Saga of the Sub Mariner #1-12
I mentioned earlier that Namor struggles to hold onto his own ongoing series. Because of this, he generally appears mostly in team books or as a guest star. So most of the character’s big events happen pretty disparately, over several different books, hence my third recommendation: Saga of the Sub Mariner, written by Roy and Dann Thomas with art by Rich Buckler.
This series sought to contextualise the character’s entire history and reframe it with Namor as the protagonist. It starts with his parents and moves all the way up until what was then modern Namor. Roy and Dann Thomas do such an excellent job of drawing connections between his different stories, emphasising how he felt during each of them. So if you’ve read his appearances in Lee and Kirby’s Fantastic Four, you now get to see those events from his perspective and understand the psychology behind his decisions. It’s a prime example of one of the great joys of comics, this haphazard continuity: the idea that one comic can pull a bunch of different narrative threads together and make it feel like one long ongoing story.
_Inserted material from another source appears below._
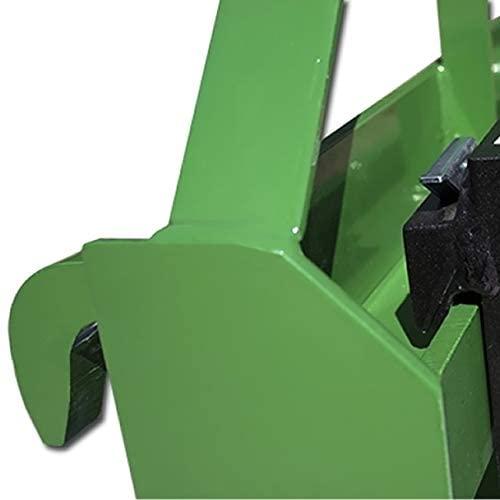 titan attachments 46" fork frame attachment 48" fork blades rate 4,500 lb fits john deere loaders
This story can operate as an accessible introduction to the character, but I think it’s at its best when you’ve read the stories I listed previously, so you can view Namor through a new perspective. It’s all beautifully illustrated as well, with Buckler’s dynamic and expressive pencils matching wonderfully with various colourists who give it a vibrant and colourful look. It’s an excellent and supremely underrated 12 issues that are an easy recommendation for anyone who wants to track Namor’s history.
Roger Stern Avengers: The Avengers #262-286
Namor has had associations with a lot of different teams over the years. He’s a mutant, so he’s an on-again-off-again X-Man, he’s a frenemy for the Fantastic Four and a founding member of The Defenders and Invaders, but I think a lot of people forget his role as an Avenger as well. In fairness, this is likely because of the relatively brief time he spent with the team, but honestly, that time is when the Avengers had some of their absolute best stories. I am, of course, talking about Roger Stern’s run, which just so happens to be my favourite run on the title ever. Stern has a penchant for excellent character-focused stories that really narrow in on their psychology and internal lives, and his Avengers is no exception.
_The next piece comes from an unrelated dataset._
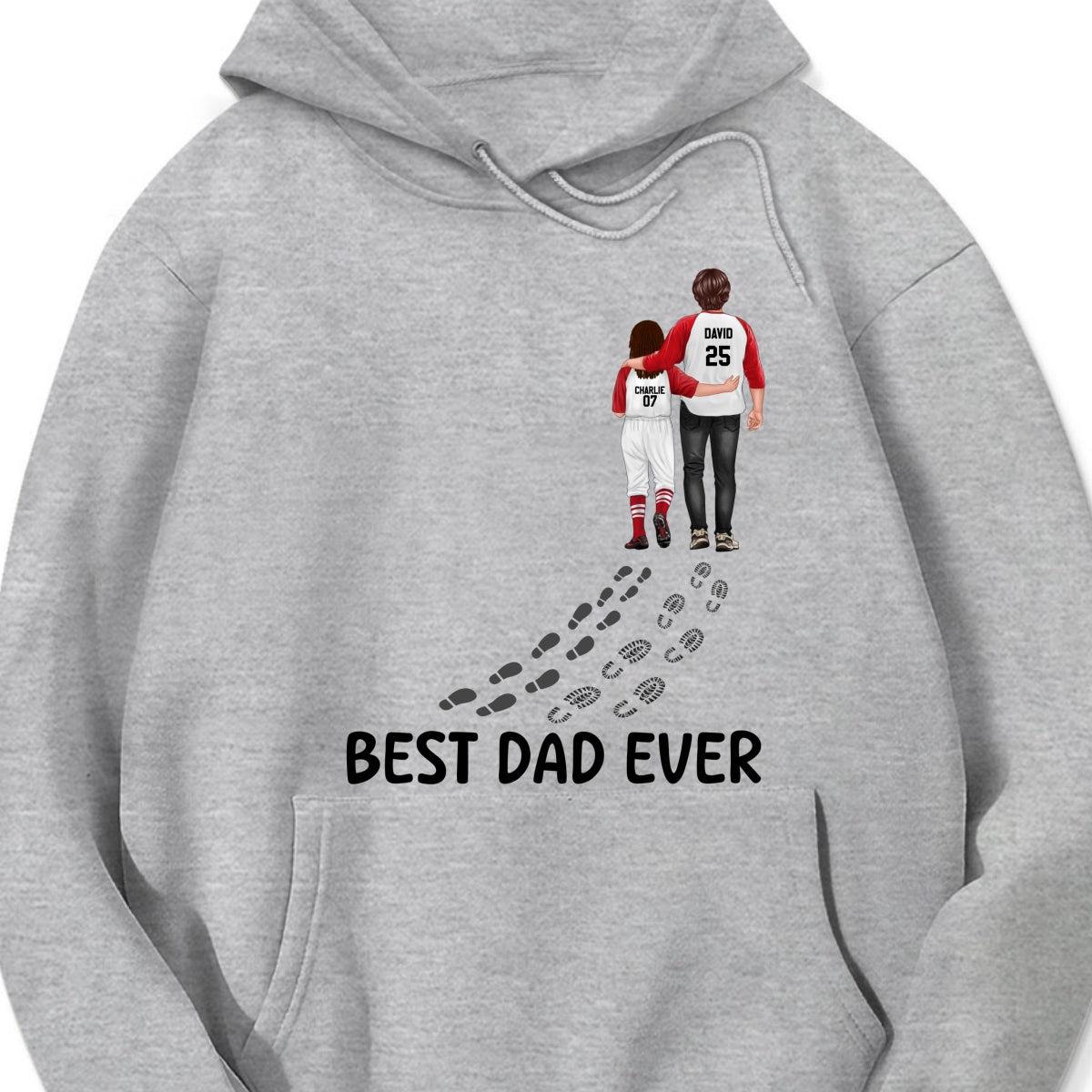 Baseball Dad And Daughter Son You Never Walk Alone Personalized Shirt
Namor joins the team part way through Stern’s run with issue #262. Here Namor has been exiled from Atlantis, so Hercules fights him to cheer him up; it rules! Stern really develops some interesting dynamics and relationships here, with Namor’s respect for Captain America and friendship with Hercules. If you want to read some of the best superhero comics out there and see Namor in a group dynamic, this is the best choice.
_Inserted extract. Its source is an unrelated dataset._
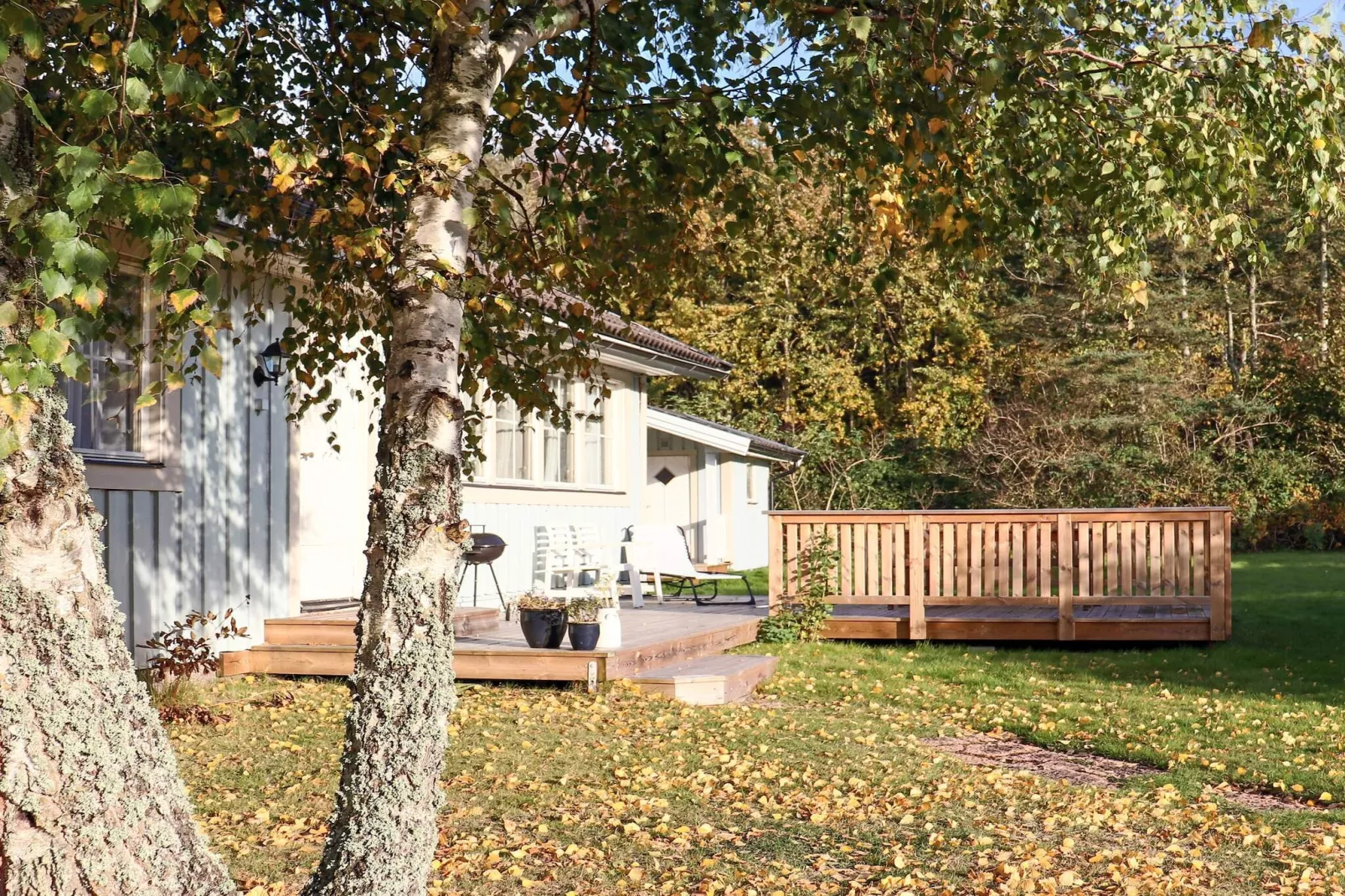 Charmant vakantiehuis met terras-Buitenlucht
Hickman’s New Avengers: New Avengers Vol 3 #1-28
For a very different but no less entertaining group dynamic for Namor there’s also Jonathan Hickman’s New Avengers. This book ran concurrently with it’s sister title following the main Avengers, which will occasionally cross over with this book (though it is not necessary to read all of that series as well). But don’t be mistaken, this isn’t really an Avengers book; it’s just a way to sell it because this series follows The Illuminati. Marvel’s Illuminati, if you didn’t know, are a group of the superhero community’s key figureheads and their greatest minds. These are the guys who believe they have to make the tough decisions no else can, but entirely in secret. So this is not really a traditional superhero book where Namor and the others save the day and go out on patrol. Instead, it’s a pretty cerebral science fiction series as the Illuminati make tough decisions to save their universe.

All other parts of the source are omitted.